A Scalability Roadmap

My rough proposal for optimizing new block announcements resulted in lots of discussion about lots of scaling-up issues. There was some misunderstanding that optimizing new block messages would be a silver bullet that would solve all of the challenges Bitcoin will face as usage grows; this blog post is meant to sketch out one possible path for the behind-the-scenes technical work that is being done (or will need to get done) over the next few years to scale up Bitcoin.
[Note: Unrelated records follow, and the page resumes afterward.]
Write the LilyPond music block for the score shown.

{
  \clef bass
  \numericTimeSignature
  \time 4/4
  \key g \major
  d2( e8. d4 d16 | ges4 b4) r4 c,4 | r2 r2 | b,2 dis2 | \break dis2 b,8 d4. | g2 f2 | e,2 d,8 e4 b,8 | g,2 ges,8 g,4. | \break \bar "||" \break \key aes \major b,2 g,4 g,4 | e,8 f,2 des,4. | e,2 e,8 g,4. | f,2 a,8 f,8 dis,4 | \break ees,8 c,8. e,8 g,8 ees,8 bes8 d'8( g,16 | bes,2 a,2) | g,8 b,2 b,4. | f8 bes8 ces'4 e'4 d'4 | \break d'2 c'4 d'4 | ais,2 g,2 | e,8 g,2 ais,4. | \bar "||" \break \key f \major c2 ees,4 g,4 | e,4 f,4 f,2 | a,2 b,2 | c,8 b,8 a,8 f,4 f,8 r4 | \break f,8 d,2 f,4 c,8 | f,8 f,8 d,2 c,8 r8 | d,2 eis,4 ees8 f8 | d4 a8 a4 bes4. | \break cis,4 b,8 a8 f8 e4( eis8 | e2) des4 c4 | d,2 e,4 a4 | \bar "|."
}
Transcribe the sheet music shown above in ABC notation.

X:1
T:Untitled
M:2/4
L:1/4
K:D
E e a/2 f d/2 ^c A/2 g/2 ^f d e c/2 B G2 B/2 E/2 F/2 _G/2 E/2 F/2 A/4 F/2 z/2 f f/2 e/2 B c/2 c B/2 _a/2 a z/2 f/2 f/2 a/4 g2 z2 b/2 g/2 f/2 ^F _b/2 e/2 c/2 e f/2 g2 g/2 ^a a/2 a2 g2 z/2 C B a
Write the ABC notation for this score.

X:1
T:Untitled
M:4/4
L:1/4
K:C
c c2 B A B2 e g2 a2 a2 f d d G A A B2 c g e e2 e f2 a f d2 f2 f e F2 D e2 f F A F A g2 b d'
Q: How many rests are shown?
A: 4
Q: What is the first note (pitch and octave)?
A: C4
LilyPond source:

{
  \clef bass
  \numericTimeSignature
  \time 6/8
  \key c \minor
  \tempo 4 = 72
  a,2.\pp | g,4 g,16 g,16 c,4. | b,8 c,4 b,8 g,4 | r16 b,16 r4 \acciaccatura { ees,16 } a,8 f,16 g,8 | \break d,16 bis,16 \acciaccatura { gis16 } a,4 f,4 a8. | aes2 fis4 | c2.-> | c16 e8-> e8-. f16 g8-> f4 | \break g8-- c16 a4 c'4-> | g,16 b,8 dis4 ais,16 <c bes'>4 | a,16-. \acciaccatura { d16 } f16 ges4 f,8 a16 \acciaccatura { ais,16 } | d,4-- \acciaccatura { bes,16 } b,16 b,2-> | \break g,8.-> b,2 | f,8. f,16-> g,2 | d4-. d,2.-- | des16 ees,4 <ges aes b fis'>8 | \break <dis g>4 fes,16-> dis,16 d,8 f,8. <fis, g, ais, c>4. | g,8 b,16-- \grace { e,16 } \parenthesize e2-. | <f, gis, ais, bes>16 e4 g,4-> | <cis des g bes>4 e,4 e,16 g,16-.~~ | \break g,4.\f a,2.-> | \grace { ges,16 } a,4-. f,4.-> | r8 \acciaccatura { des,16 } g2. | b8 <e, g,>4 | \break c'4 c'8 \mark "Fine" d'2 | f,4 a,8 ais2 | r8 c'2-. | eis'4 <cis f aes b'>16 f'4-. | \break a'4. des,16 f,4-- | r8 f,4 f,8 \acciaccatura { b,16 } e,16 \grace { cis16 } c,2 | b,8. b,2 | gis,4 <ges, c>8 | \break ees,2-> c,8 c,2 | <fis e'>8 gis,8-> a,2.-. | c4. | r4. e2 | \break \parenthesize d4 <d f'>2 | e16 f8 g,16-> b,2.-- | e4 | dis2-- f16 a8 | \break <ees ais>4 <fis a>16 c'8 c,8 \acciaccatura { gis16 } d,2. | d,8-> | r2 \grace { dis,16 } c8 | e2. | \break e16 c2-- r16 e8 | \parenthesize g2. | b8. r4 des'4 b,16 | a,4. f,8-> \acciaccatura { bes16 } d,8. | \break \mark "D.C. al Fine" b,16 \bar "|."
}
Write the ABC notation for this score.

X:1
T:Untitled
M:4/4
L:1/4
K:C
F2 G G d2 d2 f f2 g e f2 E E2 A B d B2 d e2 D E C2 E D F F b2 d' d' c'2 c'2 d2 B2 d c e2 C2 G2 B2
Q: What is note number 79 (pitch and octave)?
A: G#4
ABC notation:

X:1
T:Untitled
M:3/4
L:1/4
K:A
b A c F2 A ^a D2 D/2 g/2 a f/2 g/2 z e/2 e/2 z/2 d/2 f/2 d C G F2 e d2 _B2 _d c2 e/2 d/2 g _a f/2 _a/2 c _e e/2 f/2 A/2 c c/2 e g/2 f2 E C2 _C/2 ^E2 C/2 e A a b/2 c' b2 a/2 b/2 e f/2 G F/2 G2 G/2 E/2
There are other ideas for how to make Bitcoin scale, and whenever practical I like to choose “all of the above” for how to solve a problem, because nobody is smart enough to choose The One True Solution every time. So I won’t be surprised or disappointed if development wanders off this roadmap in a different direction.

Initial Download

Everybody who runs the Bitcoin Core reference implementation the first time is annoyed by an absurdly long wait for it to download and then index the entire history of Bitcoin transactions. Twenty-something gigabytes of transaction data is downloaded, and that number is growing all the time.

Jeff Garzik creates and seeds a BitTorrent download that will speed up the initial transaction data download. Because block data is self-verifying you don’t have to worry about the security of the download; worst case is you waste time and bandwidth downloading an invalid file. However, re-indexing all 20-something gigabytes of data can still take many hours on some machines.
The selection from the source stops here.